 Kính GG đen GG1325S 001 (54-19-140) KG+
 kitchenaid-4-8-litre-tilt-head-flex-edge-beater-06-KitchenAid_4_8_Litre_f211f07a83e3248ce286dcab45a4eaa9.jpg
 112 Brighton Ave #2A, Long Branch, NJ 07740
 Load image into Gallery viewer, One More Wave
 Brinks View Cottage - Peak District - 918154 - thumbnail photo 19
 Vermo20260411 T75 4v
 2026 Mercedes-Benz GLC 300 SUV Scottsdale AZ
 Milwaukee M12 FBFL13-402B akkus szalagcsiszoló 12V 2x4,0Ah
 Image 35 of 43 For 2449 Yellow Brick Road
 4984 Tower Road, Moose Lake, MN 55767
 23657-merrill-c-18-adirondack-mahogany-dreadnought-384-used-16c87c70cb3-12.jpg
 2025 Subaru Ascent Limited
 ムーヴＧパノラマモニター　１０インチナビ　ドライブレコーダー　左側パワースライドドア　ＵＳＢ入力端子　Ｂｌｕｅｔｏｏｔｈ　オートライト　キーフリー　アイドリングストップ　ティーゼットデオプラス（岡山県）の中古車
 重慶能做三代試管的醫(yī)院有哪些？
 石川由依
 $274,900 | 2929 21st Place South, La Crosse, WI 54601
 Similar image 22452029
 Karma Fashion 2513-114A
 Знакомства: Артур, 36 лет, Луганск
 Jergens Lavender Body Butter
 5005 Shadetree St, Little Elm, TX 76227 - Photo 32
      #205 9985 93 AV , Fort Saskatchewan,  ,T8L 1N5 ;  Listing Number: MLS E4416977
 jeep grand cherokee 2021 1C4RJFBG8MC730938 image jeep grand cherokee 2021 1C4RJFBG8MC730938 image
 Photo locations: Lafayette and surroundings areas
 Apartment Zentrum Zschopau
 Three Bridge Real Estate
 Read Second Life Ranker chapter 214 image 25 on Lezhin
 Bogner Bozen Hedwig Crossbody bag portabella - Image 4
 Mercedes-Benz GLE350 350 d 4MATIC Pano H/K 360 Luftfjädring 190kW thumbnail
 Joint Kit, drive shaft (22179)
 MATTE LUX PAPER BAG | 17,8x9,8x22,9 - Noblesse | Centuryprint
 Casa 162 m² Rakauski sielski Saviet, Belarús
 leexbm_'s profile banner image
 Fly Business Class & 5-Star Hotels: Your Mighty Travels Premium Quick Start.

##########

> **TASK OBJECTIVE**
Copy every entry exactly, leaving nothing out.

> **EXERCISE ANSWER**
 Kính GG đen GG1325S 001 (54-19-140) KG+
 kitchenaid-4-8-litre-tilt-head-flex-edge-beater-06-KitchenAid_4_8_Litre_f211f07a83e3248ce286dcab45a4eaa9.jpg
 112 Brighton Ave #2A, Long Branch, NJ 07740
 Load image into Gallery viewer, One More Wave
 Brinks View Cottage - Peak District - 918154 - thumbnail photo 19
 Vermo20260411 T75 4v
 2026 Mercedes-Benz GLC 300 SUV Scottsdale AZ
 Milwaukee M12 FBFL13-402B akkus szalagcsiszoló 12V 2x4,0Ah
 Image 35 of 43 For 2449 Yellow Brick Road
 4984 Tower Road, Moose Lake, MN 55767
 23657-merrill-c-18-adirondack-mahogany-dreadnought-384-used-16c87c70cb3-12.jpg
 2025 Subaru Ascent Limited
 ムーヴＧパノラマモニター　１０インチナビ　ドライブレコーダー　左側パワースライドドア　ＵＳＢ入力端子　Ｂｌｕｅｔｏｏｔｈ　オートライト　キーフリー　アイドリングストップ　ティーゼットデオプラス（岡山県）の中古車
 重慶能做三代試管的醫(yī)院有哪些？
 石川由依
 $274,900 | 2929 21st Place South, La Crosse, WI 54601
 Similar image 22452029
 Karma Fashion 2513-114A
 Знакомства: Артур, 36 лет, Луганск
 Jergens Lavender Body Butter
 5005 Shadetree St, Little Elm, TX 76227 - Photo 32
      #205 9985 93 AV , Fort Saskatchewan,  ,T8L 1N5 ;  Listing Number: MLS E4416977
 jeep grand cherokee 2021 1C4RJFBG8MC730938 image jeep grand cherokee 2021 1C4RJFBG8MC730938 image
 Photo locations: Lafayette and surroundings areas
 Apartment Zentrum Zschopau
 Three Bridge Real Estate
 Read Second Life Ranker chapter 214 image 25 on Lezhin
 Bogner Bozen Hedwig Crossbody bag portabella - Image 4
 Mercedes-Benz GLE350 350 d 4MATIC Pano H/K 360 Luftfjädring 190kW thumbnail
 Joint Kit, drive shaft (22179)
 MATTE LUX PAPER BAG | 17,8x9,8x22,9 - Noblesse | Centuryprint
 Casa 162 m² Rakauski sielski Saviet, Belarús
 leexbm_'s profile banner image
 Fly Business Class & 5-Star Hotels: Your Mighty Travels Premium Quick Start.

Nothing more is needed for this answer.